La décision de renforcer la présence suisse par étapes laisse un goût amer à l’UDC genevois Yves Nidegger: «L’amendement est trop vague et vide la motion de sa substance. Ce n’est pas d’une chaise dans une sous-location dont nous avons besoin en Érythrée, mais de l’œil d’un référent permanent pour analyser la situation au jour le jour.» D’autres, bien sûr, ne sont pas de son avis. «Je doute qu’une ambassade puisse changer la réalité de la migration érythréenne en Europe et en Suisse», tempère par exemple Denis de la Reussille, conseiller national POP, affilié au groupe des Verts.
Si l’Érythrée intéresse autant la droite nationaliste, c’est en raison de l’arrivée en Suisse chaque année d’un grand nombre de ressortissant venus de ce pays. Ils ont été 3375 à demander l’asile en 2017, ce qui représente près d’un cinquième des requêtes comptabilisées par le Secrétariat d’État aux migrations (SEM). Leur nombre est cependant en baisse par rapport aux années précédentes. L’une des raisons pourrait être l’évolution des pratiques du SEM concernant ce pays. Depuis 2016, ce dernier ne considère plus la sortie illégale de l’Érythrée comme un critère suffisant pour la reconnaissance de la qualité de réfugié. Le Tribunal administratif fédéral a confirmé cette doctrine dans un jugement du 30 janvier 2017.

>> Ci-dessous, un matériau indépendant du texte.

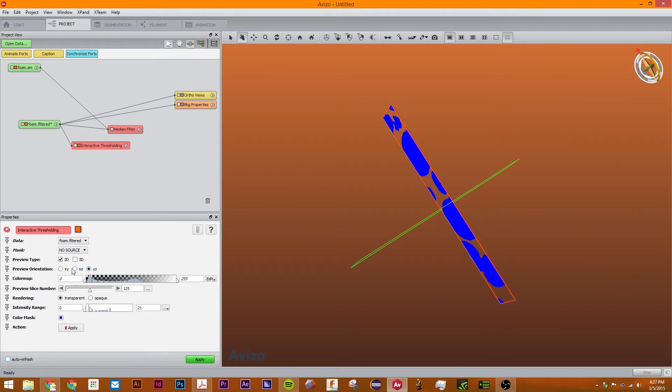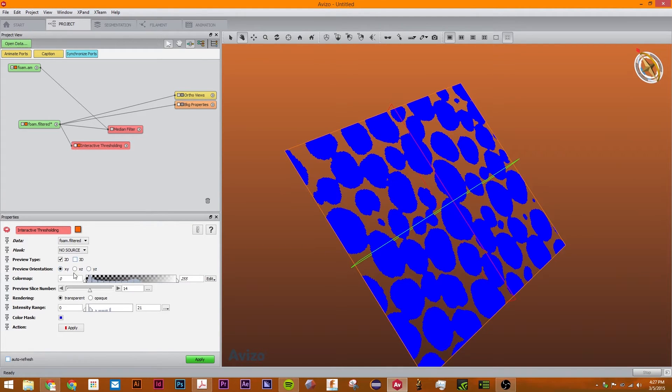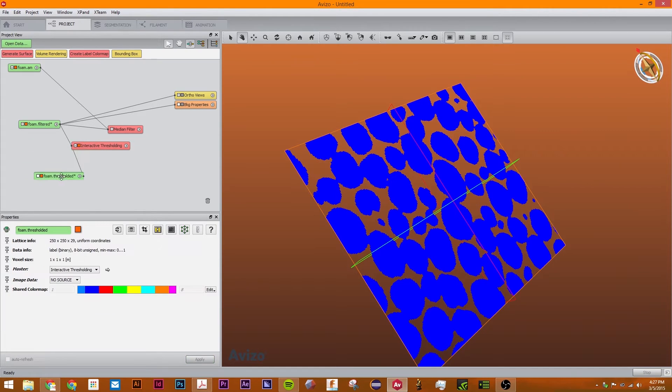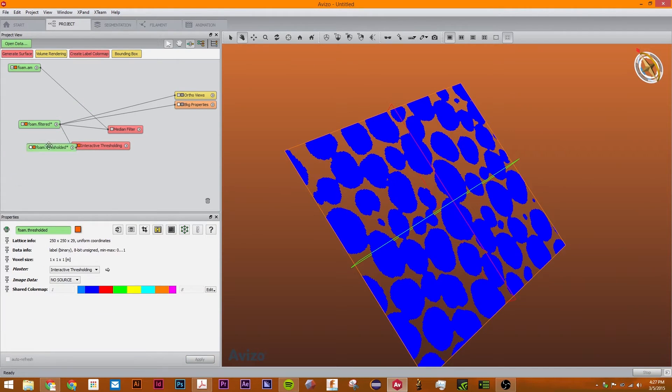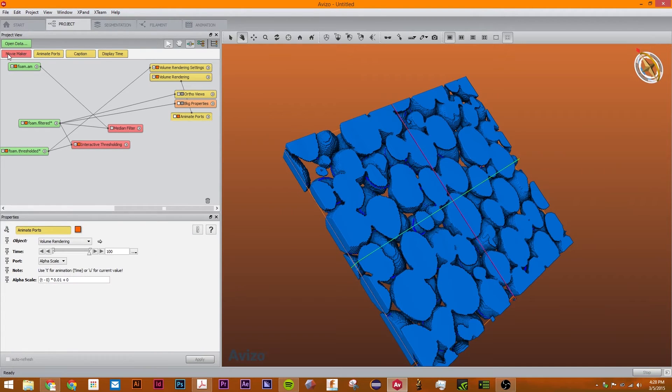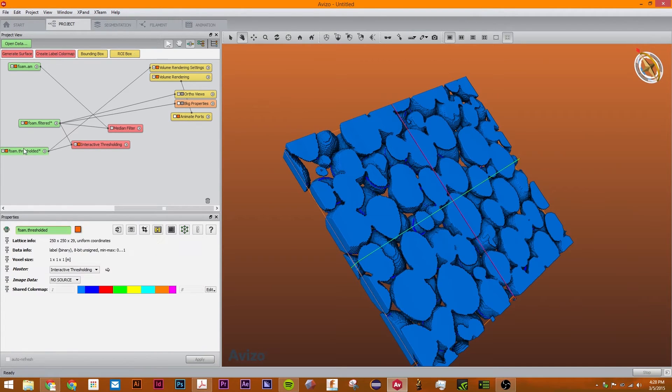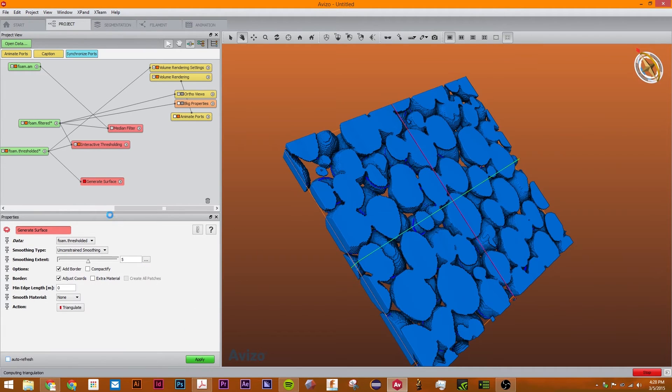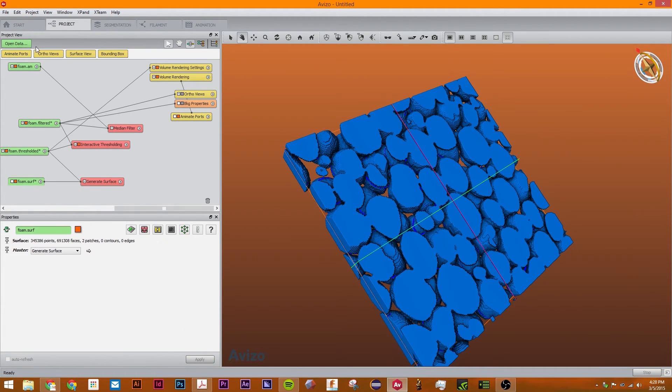You can change the slice. The next thing we're going to do is just click apply and now we have a thresholded binary image which we can easily create a volume rendering of. We can generate a surface from it. Just click apply and now we have a surface.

Ce pays de la corne de l’Afrique, stratégiquement situé au bord de la mer Rouge, reste l’une des dernières dictatures communistes de la planète. Aucune élection nationale n’y a été organisée depuis la prise de pouvoir d’Isaias Afeworki en 1993. Point sensible: un service national obligatoire à durée indéterminée, comprenant aussi un volet militaire, est en place depuis 1994. De nombreuses violations des droits humains ont été répertoriées dans le cadre de ce programme. «La plupart des motifs d’émigration sont donc étroitement liés au service national», souligne d’ailleurs le SEM.
En parallèle du volet diplomatique, la Confédération a également réactivé des activités humanitaires en Érythrée. Depuis 2017, la Direction du développement et de la coopération (DDC) soutient deux projets visant à créer des emplois et à former des jeunes sur place. La DDC collabore dans ce cadre avec le Comité suisse de soutien à l’Érythrée, une organisation présidée par le consul honoraire en Suisse, Toni Locher. Un homme réputé proche du président Afeworki. La Confédération s’est engagée à lui verser 1,3 million de francs sur trois ans pour financer une école professionnelle à Massaoua, une ville portuaire située sur la côte africaine de la mer Rouge.